YOLO È UNO SFOGATOIO

IL RINOCERONTE

Avendoci letto, studiato e scritto in tempi non sospetti, temo che ormai YOLO, grandi dimissioni, quiet quitting e sdraiati siano diventati Hype un pò (molto) mainstream e velocemente destinati a perdere di fascino, proprio perché in questi anni e mesi non hanno generato niente di più che la rappresentazione di un disagio: serve una rappresentanza, e possibilmente serve una sostanza. E servono ormai modi nuovi di organizzare il conflitto, che c’è oggi più che mai, non solo nel mondo del lavoro.

Gironzolando in quel fantastico e dorato mondo delle rappresentazioni che è Instagram ho trovato “generazione Yolo”, un account che parla di lavoro e di frustrazioni variamente connesse alle occupazioni quotidiane che le persone normali intrattengono per campare.

Generazione Yolo è uno sfogatoio di persone che si lamentano della propria condizione lavorativa, di cui vale la pena parlare perché il tema è serio. Il lavoro che perde di senso e di valore è una questione con cui anche i non addetti ai lavori come me hanno dovuto familiarizzare. È discutibile invece il modo con cui si parla del problema che “anestetizza” nell’individualismo rivendicazioni che secondo me sono giuste e legittime.

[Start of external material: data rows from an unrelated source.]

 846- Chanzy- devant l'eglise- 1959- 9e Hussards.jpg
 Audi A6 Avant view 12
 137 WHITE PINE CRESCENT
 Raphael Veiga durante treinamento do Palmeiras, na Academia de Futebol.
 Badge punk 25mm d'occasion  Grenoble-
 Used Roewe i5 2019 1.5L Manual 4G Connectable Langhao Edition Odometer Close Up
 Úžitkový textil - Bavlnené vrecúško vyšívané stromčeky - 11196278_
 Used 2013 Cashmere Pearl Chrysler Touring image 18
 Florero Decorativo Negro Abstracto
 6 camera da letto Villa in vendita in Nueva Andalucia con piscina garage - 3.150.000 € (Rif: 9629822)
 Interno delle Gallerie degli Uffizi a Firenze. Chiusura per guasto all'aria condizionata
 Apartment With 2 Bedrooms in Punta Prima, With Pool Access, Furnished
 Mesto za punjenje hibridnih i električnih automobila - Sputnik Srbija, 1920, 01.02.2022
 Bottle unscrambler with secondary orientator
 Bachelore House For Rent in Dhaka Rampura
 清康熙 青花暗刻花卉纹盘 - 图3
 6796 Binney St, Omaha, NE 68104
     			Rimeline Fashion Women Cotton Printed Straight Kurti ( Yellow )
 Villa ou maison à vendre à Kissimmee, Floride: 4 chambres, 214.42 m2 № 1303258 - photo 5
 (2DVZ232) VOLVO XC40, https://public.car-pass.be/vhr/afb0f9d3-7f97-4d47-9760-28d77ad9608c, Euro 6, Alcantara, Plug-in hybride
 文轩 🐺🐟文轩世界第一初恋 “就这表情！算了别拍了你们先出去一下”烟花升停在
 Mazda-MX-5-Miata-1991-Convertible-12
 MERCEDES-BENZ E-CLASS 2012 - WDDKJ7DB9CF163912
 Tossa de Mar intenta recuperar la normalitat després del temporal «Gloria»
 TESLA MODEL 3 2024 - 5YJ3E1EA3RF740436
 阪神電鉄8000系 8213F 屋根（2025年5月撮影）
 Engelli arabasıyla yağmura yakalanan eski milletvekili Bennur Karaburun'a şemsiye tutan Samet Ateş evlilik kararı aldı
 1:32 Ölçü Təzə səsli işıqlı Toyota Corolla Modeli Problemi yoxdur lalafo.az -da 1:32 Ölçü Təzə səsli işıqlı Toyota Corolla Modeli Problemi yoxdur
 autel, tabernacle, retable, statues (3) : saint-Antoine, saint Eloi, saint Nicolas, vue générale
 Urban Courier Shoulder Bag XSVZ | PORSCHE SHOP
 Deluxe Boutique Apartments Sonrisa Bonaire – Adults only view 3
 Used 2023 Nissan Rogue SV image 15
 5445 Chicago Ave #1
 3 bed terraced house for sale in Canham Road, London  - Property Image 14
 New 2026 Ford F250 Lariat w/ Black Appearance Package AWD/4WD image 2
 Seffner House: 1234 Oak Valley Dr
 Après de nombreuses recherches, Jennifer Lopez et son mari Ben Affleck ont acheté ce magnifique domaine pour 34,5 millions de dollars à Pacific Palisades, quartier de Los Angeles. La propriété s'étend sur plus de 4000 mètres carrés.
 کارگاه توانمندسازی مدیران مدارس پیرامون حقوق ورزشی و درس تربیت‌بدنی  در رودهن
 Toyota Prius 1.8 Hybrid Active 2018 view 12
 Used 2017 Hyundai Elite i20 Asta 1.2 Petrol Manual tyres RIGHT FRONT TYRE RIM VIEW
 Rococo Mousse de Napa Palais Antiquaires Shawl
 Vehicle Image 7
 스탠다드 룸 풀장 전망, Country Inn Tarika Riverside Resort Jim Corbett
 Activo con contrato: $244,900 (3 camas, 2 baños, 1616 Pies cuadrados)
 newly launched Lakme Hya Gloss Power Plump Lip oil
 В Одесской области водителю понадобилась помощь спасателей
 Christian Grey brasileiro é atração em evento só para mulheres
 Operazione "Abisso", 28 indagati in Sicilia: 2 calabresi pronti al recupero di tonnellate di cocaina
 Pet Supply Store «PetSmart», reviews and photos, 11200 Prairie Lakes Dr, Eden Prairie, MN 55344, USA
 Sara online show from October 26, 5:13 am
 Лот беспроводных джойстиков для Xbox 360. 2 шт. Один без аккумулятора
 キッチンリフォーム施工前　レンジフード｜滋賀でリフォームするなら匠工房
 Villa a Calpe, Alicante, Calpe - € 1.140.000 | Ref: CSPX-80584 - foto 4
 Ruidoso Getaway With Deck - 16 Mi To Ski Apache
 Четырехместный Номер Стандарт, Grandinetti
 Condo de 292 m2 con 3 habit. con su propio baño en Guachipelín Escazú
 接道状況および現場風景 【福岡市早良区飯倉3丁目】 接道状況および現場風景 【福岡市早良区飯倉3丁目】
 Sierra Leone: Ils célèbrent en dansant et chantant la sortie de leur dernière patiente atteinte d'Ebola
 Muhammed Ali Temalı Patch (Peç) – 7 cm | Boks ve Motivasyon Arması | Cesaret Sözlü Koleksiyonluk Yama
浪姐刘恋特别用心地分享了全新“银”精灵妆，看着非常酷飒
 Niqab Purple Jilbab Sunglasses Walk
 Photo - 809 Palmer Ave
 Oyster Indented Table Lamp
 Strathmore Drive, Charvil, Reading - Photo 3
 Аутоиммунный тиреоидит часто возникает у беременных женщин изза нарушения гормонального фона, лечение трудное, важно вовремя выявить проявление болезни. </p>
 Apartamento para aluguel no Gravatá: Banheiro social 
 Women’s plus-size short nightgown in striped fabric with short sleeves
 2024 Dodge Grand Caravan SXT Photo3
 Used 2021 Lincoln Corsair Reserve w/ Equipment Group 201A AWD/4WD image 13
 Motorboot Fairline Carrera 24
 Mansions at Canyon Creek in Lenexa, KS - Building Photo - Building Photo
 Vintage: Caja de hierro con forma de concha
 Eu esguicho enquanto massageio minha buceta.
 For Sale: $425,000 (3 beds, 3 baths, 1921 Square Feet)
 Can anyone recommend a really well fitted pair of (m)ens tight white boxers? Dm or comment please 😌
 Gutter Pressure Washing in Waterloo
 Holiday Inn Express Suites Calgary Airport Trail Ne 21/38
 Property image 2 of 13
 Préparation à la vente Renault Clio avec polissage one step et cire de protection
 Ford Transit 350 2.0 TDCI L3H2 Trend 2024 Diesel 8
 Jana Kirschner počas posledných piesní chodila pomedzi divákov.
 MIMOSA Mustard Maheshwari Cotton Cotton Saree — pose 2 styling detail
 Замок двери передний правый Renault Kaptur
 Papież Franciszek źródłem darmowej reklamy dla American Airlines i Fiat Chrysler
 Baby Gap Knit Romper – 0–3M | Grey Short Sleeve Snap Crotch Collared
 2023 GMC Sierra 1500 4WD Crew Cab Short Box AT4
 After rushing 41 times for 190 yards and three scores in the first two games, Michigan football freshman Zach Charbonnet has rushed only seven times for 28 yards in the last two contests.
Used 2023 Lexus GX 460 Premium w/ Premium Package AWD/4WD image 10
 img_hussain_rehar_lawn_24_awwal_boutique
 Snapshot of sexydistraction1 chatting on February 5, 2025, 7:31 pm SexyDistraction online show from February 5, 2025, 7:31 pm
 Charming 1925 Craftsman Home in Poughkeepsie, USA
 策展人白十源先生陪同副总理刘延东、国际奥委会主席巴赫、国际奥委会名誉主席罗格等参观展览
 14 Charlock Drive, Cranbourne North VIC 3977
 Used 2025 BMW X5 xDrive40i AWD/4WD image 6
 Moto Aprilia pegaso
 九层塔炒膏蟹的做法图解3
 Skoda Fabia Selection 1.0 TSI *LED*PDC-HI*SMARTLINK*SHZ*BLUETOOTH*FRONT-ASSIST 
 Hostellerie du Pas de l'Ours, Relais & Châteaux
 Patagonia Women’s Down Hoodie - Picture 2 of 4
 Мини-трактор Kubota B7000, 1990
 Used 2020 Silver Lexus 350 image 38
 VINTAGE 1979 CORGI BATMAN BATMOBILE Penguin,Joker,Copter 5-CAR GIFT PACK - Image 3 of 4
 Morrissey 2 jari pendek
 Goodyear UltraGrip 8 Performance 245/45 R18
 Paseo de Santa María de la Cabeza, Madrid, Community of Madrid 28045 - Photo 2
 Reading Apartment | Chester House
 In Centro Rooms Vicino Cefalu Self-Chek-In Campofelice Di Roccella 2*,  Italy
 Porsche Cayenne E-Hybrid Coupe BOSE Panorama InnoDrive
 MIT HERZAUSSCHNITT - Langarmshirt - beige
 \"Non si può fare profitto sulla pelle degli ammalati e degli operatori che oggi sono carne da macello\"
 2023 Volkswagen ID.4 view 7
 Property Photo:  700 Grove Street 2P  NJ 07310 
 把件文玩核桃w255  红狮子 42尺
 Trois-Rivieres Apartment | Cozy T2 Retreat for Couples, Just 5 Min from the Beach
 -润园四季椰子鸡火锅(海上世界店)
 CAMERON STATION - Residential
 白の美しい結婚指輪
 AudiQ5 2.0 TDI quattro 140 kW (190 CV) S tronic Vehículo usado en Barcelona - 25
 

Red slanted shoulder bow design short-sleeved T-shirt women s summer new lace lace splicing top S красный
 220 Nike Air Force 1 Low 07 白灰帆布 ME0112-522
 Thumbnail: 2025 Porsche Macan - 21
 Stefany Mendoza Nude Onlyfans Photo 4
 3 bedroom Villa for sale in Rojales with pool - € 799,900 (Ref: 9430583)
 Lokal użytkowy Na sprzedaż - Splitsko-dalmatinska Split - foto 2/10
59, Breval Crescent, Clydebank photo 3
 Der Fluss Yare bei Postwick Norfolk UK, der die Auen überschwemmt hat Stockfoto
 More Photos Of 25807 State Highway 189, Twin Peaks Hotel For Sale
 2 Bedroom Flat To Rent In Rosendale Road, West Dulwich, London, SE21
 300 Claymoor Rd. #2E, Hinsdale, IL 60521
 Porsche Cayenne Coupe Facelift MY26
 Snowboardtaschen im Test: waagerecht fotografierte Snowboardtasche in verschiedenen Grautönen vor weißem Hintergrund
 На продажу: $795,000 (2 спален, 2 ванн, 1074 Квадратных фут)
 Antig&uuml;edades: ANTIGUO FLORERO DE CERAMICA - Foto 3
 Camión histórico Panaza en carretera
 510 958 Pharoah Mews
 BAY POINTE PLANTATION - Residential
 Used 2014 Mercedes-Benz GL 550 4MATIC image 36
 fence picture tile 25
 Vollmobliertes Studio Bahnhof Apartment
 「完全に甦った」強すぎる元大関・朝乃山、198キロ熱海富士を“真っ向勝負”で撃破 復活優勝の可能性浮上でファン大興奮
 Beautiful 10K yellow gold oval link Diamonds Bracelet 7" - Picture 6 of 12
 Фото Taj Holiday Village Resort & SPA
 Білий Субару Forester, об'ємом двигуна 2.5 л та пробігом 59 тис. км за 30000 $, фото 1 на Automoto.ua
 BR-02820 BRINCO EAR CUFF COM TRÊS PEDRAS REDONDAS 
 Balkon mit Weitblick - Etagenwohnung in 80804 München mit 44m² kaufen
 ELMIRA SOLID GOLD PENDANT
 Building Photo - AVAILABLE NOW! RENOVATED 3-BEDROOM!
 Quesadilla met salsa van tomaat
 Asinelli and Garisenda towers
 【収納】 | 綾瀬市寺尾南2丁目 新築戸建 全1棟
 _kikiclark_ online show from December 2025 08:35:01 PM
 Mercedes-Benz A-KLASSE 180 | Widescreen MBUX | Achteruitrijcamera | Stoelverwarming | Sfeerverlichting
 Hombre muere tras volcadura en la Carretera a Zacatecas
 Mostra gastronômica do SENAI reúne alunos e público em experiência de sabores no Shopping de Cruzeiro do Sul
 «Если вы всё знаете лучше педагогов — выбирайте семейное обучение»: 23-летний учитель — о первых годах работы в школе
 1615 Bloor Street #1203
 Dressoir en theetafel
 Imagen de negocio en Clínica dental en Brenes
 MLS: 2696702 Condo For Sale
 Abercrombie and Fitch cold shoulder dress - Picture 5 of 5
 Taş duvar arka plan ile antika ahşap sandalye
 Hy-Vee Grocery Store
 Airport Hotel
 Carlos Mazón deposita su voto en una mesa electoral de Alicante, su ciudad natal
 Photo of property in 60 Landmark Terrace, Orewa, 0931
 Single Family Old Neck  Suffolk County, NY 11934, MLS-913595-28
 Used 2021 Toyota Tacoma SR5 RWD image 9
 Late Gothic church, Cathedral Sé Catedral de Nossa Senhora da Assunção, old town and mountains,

È chiaro che non si può lavorare solo per pagare un affitto: un monolocale alla Barona costa 1000 euro al mese spese escluse, tre mesi di caparra e tre di anticipo quando si entra! Ed è ovvio che se negli ultimi 30 anni lo stipendio non cresce c’è un problema che riguarda tutti, per primi gli imprenditori che non riescono a trattenere le persone in azienda o non hanno a disposizione un mercato interno che ne sostenga le produzioni. Ma è altrettanto ovvio che se il lavoro è povero la soluzione oggi non è non lavorare. In mancanza di altri sistemi di redistribuzione della ricchezza ci teniamo per ora quelli che abbiamo che sono le tasse e il lavoro, cercando di capire come ridurre le disuguaglianze e come contrastare le povertà.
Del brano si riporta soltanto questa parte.